Task goal —
Take the lines below from the one with "copper Heart pendant" through the one with "Phoque mignon et fleur fond gris" and retype them exactly. Include nothing else, and no pictures.
Top of Record excerpts
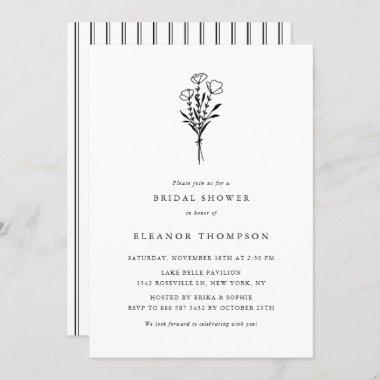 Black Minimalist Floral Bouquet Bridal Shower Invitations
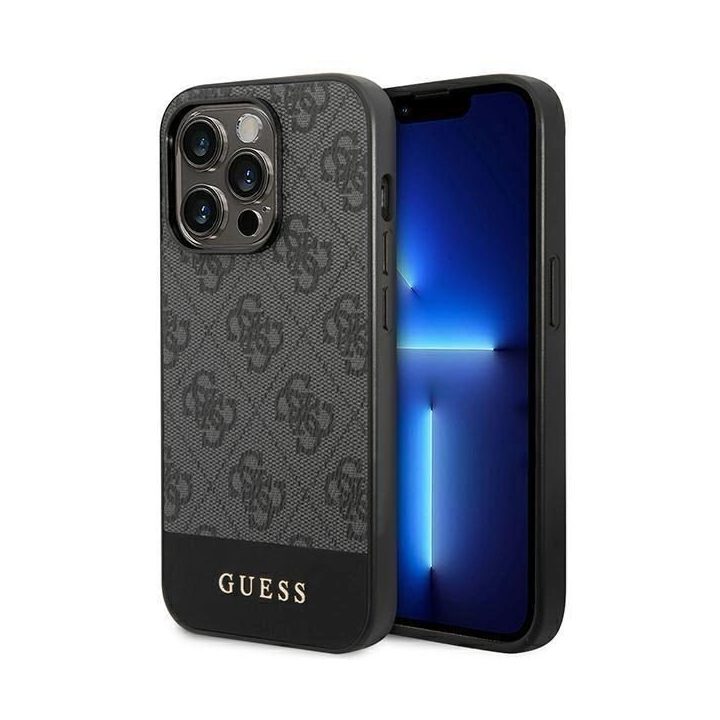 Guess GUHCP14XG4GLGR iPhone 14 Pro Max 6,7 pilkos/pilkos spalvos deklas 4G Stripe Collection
Bottom of Record excerpts
Top of Record excerpts
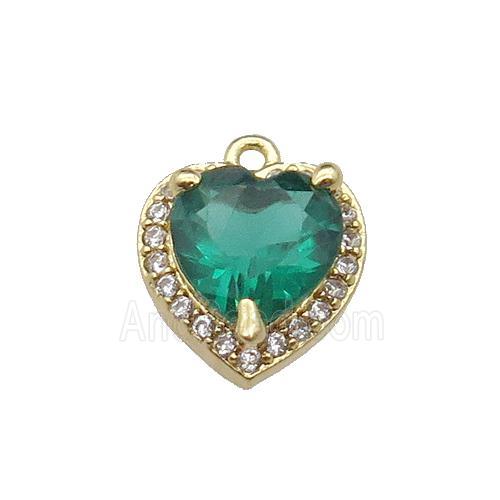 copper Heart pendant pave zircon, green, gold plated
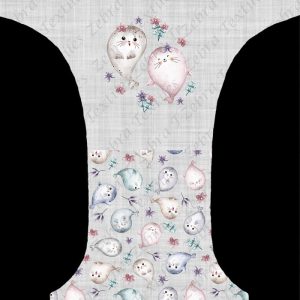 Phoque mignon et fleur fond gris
Bottom of Record excerpts
Answer for this exercise —
 copper Heart pendant pave zircon, green, gold plated
 Phoque mignon et fleur fond gris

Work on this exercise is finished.